Faute de philosophes de l’École, dont je puisse invoquer l’autorité, j’ajouterai encore ceci : que les Chinois admettent cinq vertus cardinales (Tschang), parmi lesquelles ils placent, au premier rang, la pitié (Sin). Les quatre autres sont : la justice, la politesse, la sagesse et la sincérité[115]. De même chez les Hindous, sur les tables commémoratives élevées en souvenir des souverains morts, nous voyons, parmi les vertus dont on les loue, en première ligne, la pitié envers les hommes et les animaux. À Athènes, la Pitié avait un autel en pleine Agora : Ἀθηναίοις δὲ ἐν τῇ ἀγορᾷ ἐστὶ Ἐλέου βωμός, ᾧ μάλιστα θεῶν, ἐς ἀνθρώπινον βίον καὶ μεταβολάς πραγμάτων ὀτι ὡφέλιμος, μόνοι τιμάς Ἑλλήνων νέμουσιν Ἀθηναῖοι. Παυσ., I, 17. (« À Athènes, sur l’Agora, s’élève un autel à la Pitié : entre toutes les divinités, les Athéniens, considérant de quel secours elle est aux hommes dans cette ville si sujette aux changements, lui ont, seuls de tous les Grecs, consacré un culte. ») Lucien aussi parle de cet autel dans le Timon § 99. — Phocion, dans une phrase que nous a conservée Stobée, déclare la Pitié ce qu’il y a de plus saint parmi les hommes : « Οὔτε ἐξ ἱεροῦ βωμόν, οὔτε ἐκ τῆς ἀνθρωπίνης φύσεως ἀφαιρετέον τὸν ἔλεον. » (« Il ne faut enlever, ni au temple l’autel, ni à la nature humaine la pitié. ») Dans la Sagesse des Indiens, cette traduction grecque du Pantscha Tantra, nous lisons (Sect. 3, p. 220) : « Λέγεται γὰρ, ὡς πρώτη τῶν ἀρετῶν ἡ ἐλεημοσύνη. » (« Car, on le dit, la première des vertus, c’est la pitié. ») On le voit, en tout temps, en tout pays, les hommes ont su où prendre la source des bonnes mœurs ; les hommes, excepté les Européens ; et à qui la faute ? sinon à ce foetor Judaïcus, qui pénètre partout : il leur faut un devoir qui s’impose, une loi morale, un impératif, bref un ordre et un commandement, pour y obéir : ils ne sortent pas de là, ils ne veulent pas voir qu’au fond de tout cela, ce qui se trouve, c’est l’égoïsme seul. Sans doute, plus d’un, parmi les hommes supérieurs, a senti la vérité, lui a rendu témoignage : tel est Rousseau, tel Lessing, qui, dans une lettre écrite en 1756, dit : « L’homme le plus compatissant est le meilleur des hommes, le mieux né pour toutes les vertus sociales, pour toutes les grandeurs de l’âme. »

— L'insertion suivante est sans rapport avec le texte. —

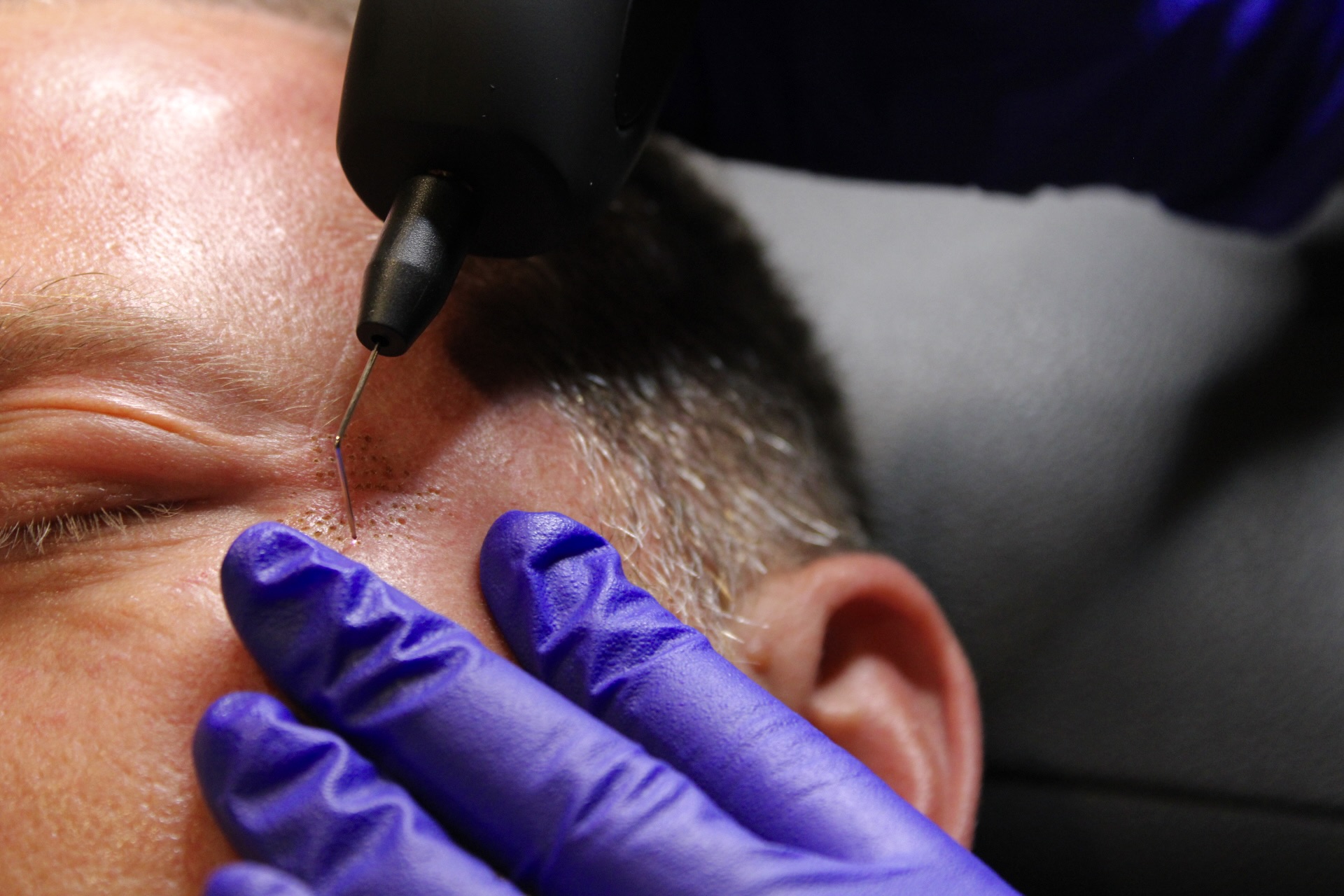 A man receiving a Plasma IQ treatment: non-surgical plasma laser therapy with purple gloves, showcasing effective skin rejuvenation and excellent results.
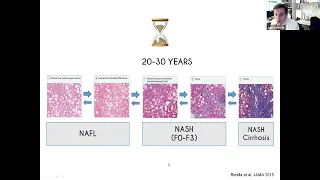 March 29 2022   MAFLD diagnosis and management   webinar recording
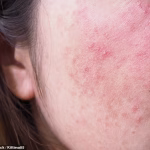 Have YOU got ‘autumn face’? Why your skin flares up when the weather turns cold – and how to fix it, according to a top dermatologist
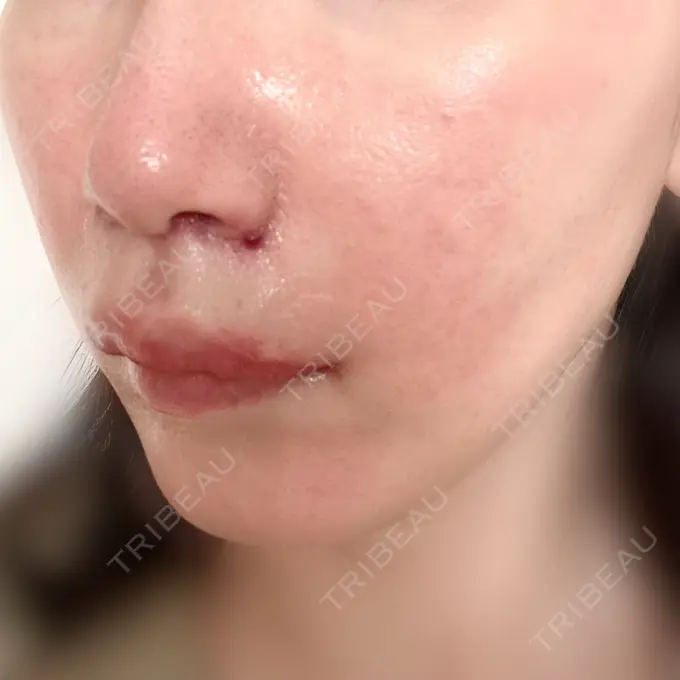 小鼻縮小（切開） / 人中短縮 / 鼻孔縁挙上 / 口角挙上 / ボトックス（口角） / ボトックス（人中） Otus Clinic 【オータスクリニック】 DAY 18 メイン用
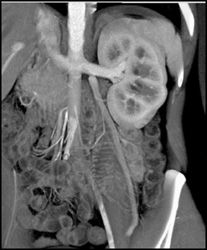 Normal Gonadal Vein - CTisus CT Scan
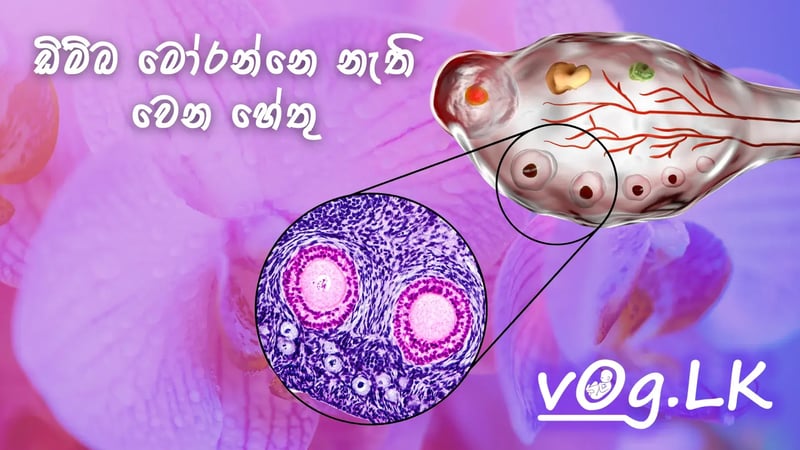 ඩිම්බ මෝරන්නෙ නැති වෙන හේතු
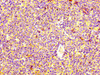 IHC image of CSB-PA887972LA01HU diluted at 1:400 and staining in paraffin-embedded human lymph node tissue performed on a Leica BondTM system. After dewaxing and hydration, antigen retrieval was mediated by high pressure in a citrate buffer (pH 6.0) . Section was blocked with 10% normal goat serum 30min at RT. Then primary antibody (1% BSA) was incubated at 4°C overnight. The primary is detected by a biotinylated secondary antibody and visualized using an HRP conjugated SP system. IHC image of CSB-PA887972LA01HU diluted at 1:400 and staining in paraffin-embedded human lymph node tissue performed on a Leica BondTM system. After dewaxing and hydration, antigen retrieval was mediated by high pressure in a citrate buffer (pH 6.0) . Section was blocked with 10% normal goat serum 30min at RT. Then primary antibody (1% BSA) was incubated at 4°C overnight. The primary is detected by a biotinylated secondary antibody and visualized using an HRP conjugated SP system.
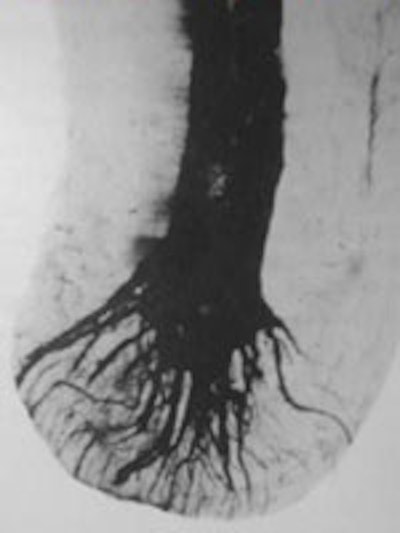 Figure 4: Apical 'delta' of a dog canine tooth.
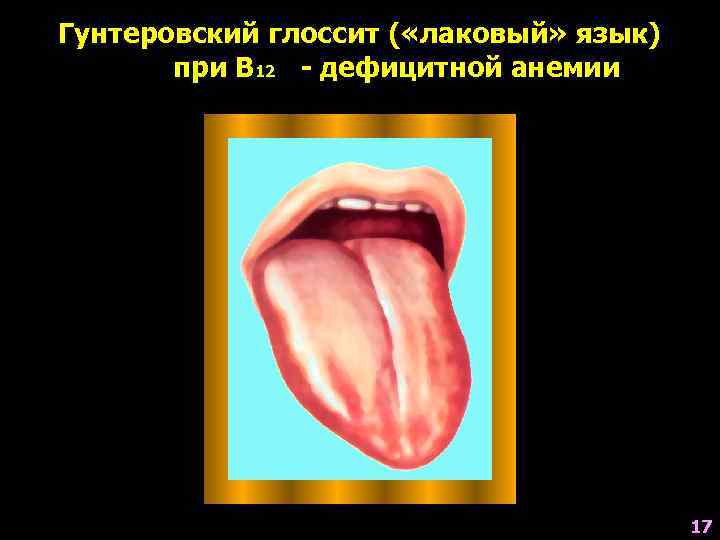 Гунтеровский глоссит ( «лаковый» язык)  при В 12 - дефицитной анемии  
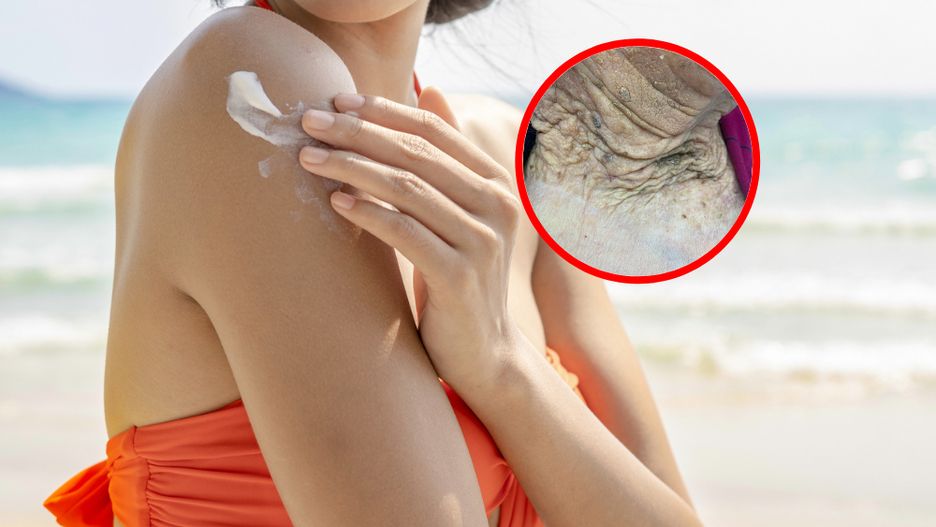 Dermatolożka pokazała skórę 103-letniej pacjentki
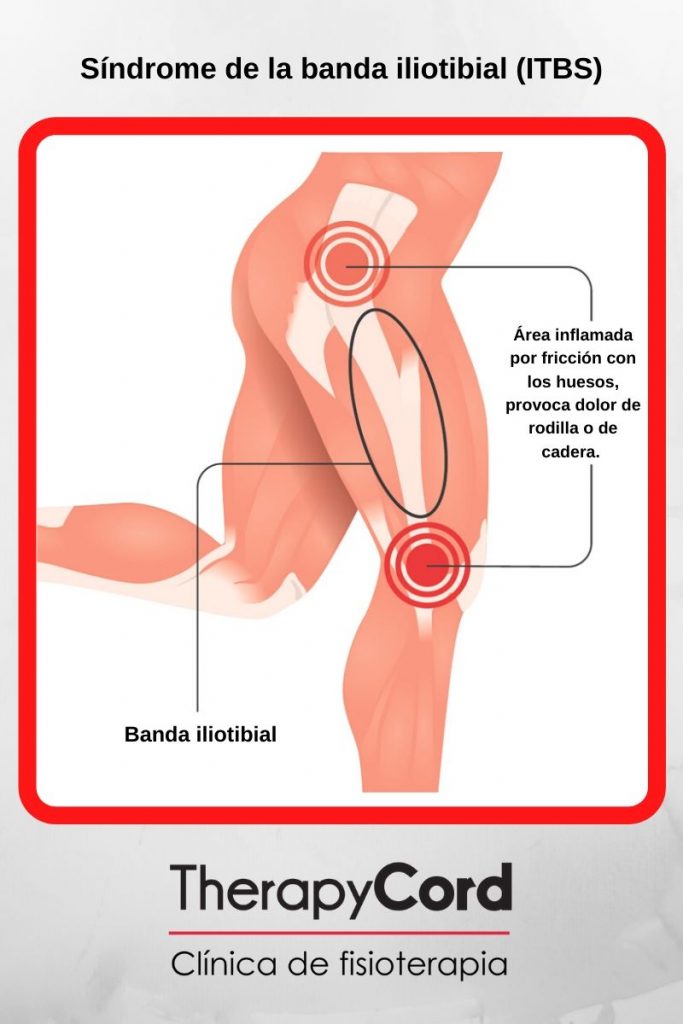 Síndrome de la banda iliotibial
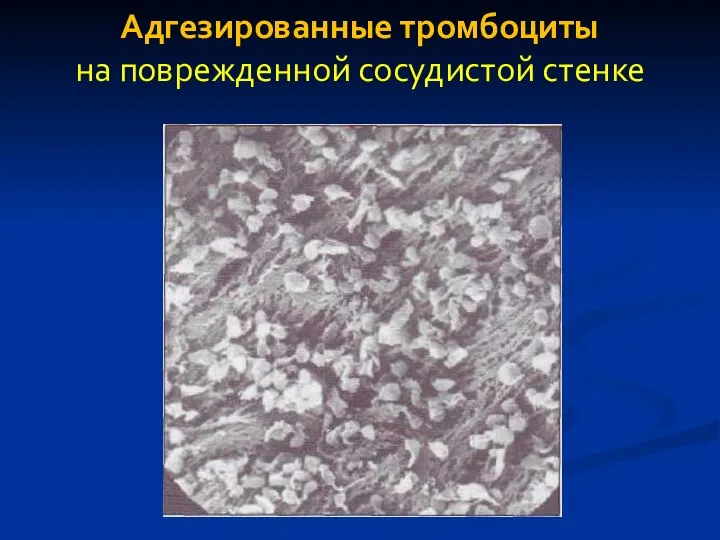 Адгезированные тромбоциты на поврежденной сосудистой стенке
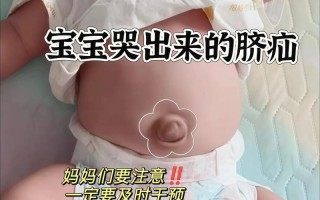 新生儿肚子鼓鼓的是正常现象还是需要警惕的健康问题？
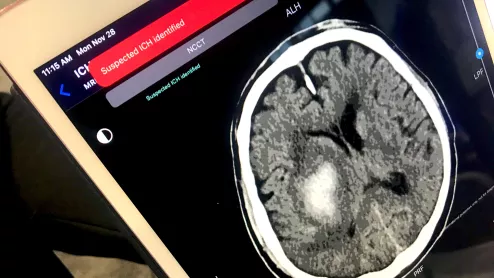 An example of artificial intelligence (AI) automated detection of a intracranial hemorrhage (ICH) in. a CT scan used to send alerts to the stroke acute care team before a radiologist even sees the exam. Example shown by TeraRecon at RSNA 2022.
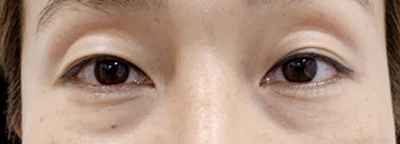 Under-eye fat repositioning — comparison 2 at MODS Clinic. Before treatment. A close-up of both lower eyelids.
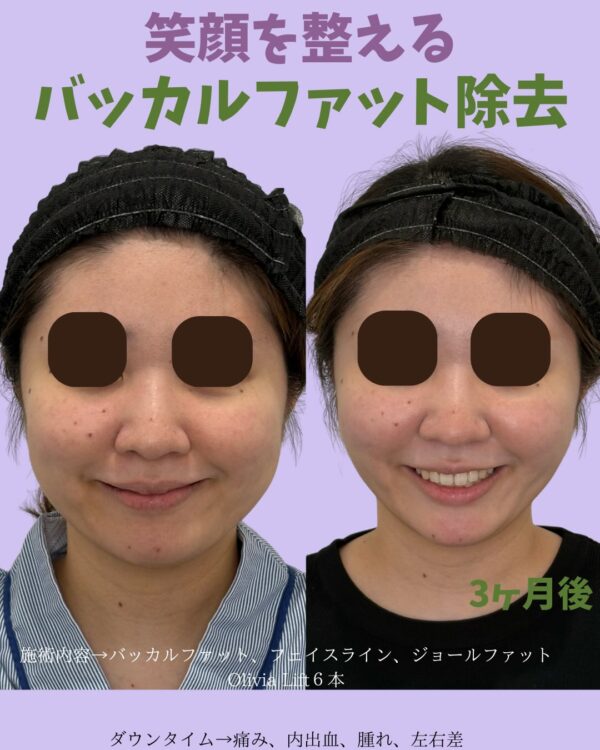 308 Olivia式小顔脂肪吸引 × バッカルファット除去 × ジョールファット除去 × Olivia lift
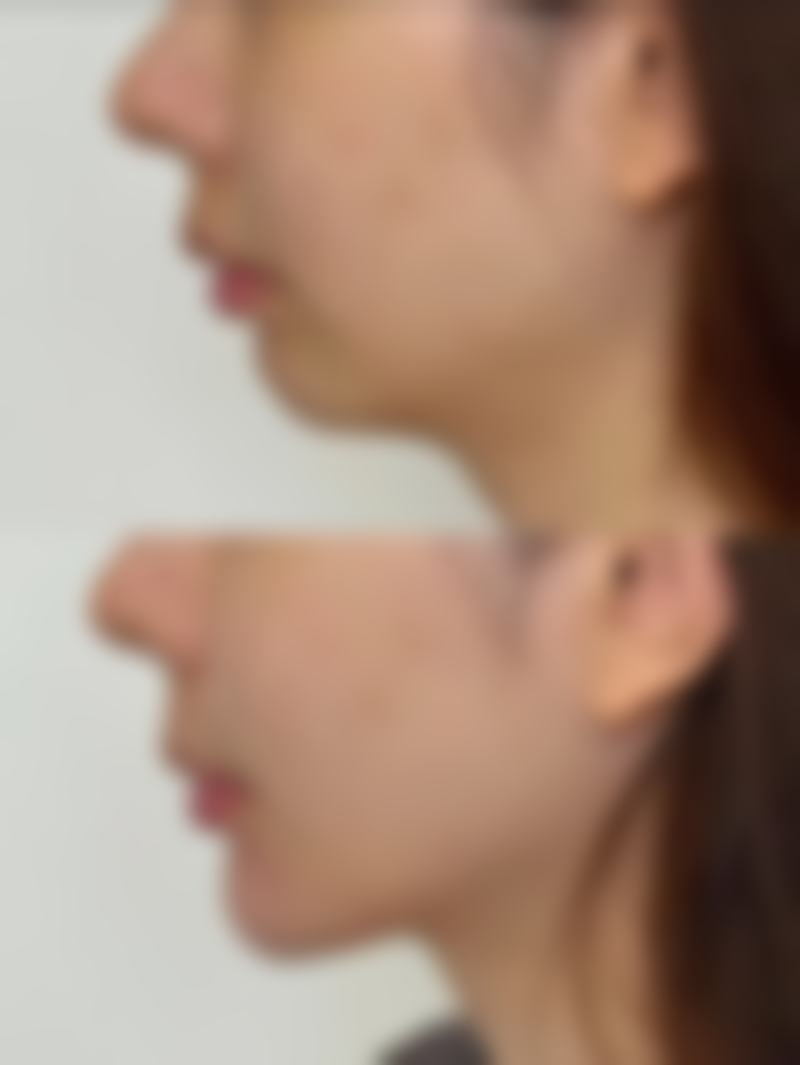 五、铁岭匠欣整形医院实例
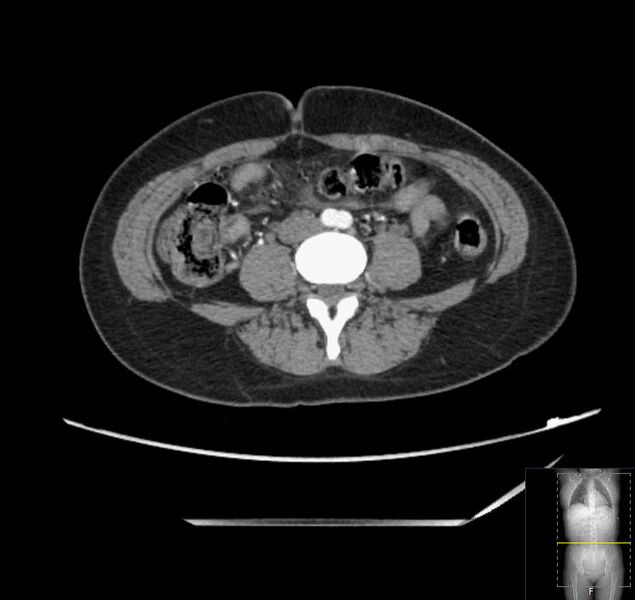 File:Appendicitis (CT angiogram) (Radiopaedia 154713-127660 Axial 51).jpg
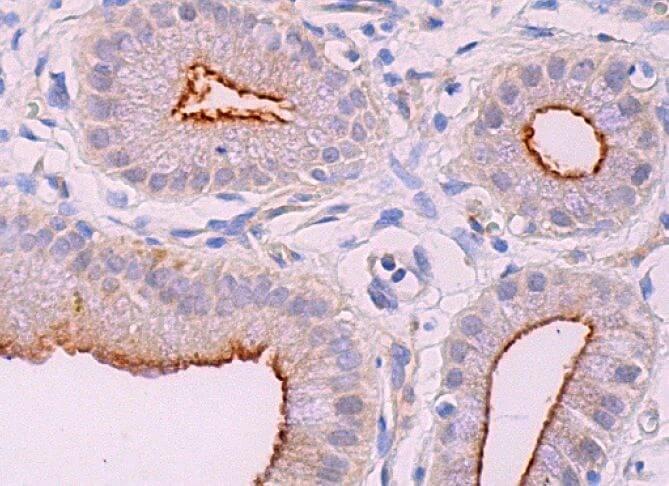 本抗体を用いたヒト胆嚢組織（ホルマリン固定パラフィン包埋）の免疫ペルオキシダーゼ染色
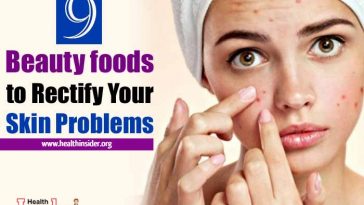 Take the pressure off your skin-care products and stock up on these 9 healthy foods good for skin that nourish from the inside and out. #skincaretips #skintreatments #skinproblems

§ 20. — La diversité des caractères au point de vue moral.

Pour achever de découvrir le fondement sur lequel nous voulons asseoir la morale, il nous reste à satisfaire à une question : d’où viennent les différences si considérables qu’on remarque entre la conduite des différents hommes ? Si la pitié est le ressort de toute justice et de toute charité véritables, c’est-à-dire désintéressées, pourquoi agit-elle sur tel homme et non sur tel autre ? — La morale, qui met au jour les ressorts de toute vie morale, ne pourra-t-elle pas aussi les faire jouer ? Ne peut-elle d’un homme au cœur dur, faire un homme miséricordieux, et du même coup juste et charitable ? Certes non : les différences de caractères sont innées et immuables. Le méchant tient sa méchanceté de naissance, comme le serpent ses crochets et ses poches à venin : ils peuvent aussi peu l’un que l’autre se débarrasser. « Velle non discitur[116] », a dit le précepteur de Néron ; Platon, dans le Ménon, examine longuement ce point : si la vertu peut s’enseigner, oui ou non : il rappelle un mot de Théognis :

ἀλλὰ διδάσκων
Οὔποτε ποιήσεις τὸν κακὸν ἄνδρ’ ἀγαθόν.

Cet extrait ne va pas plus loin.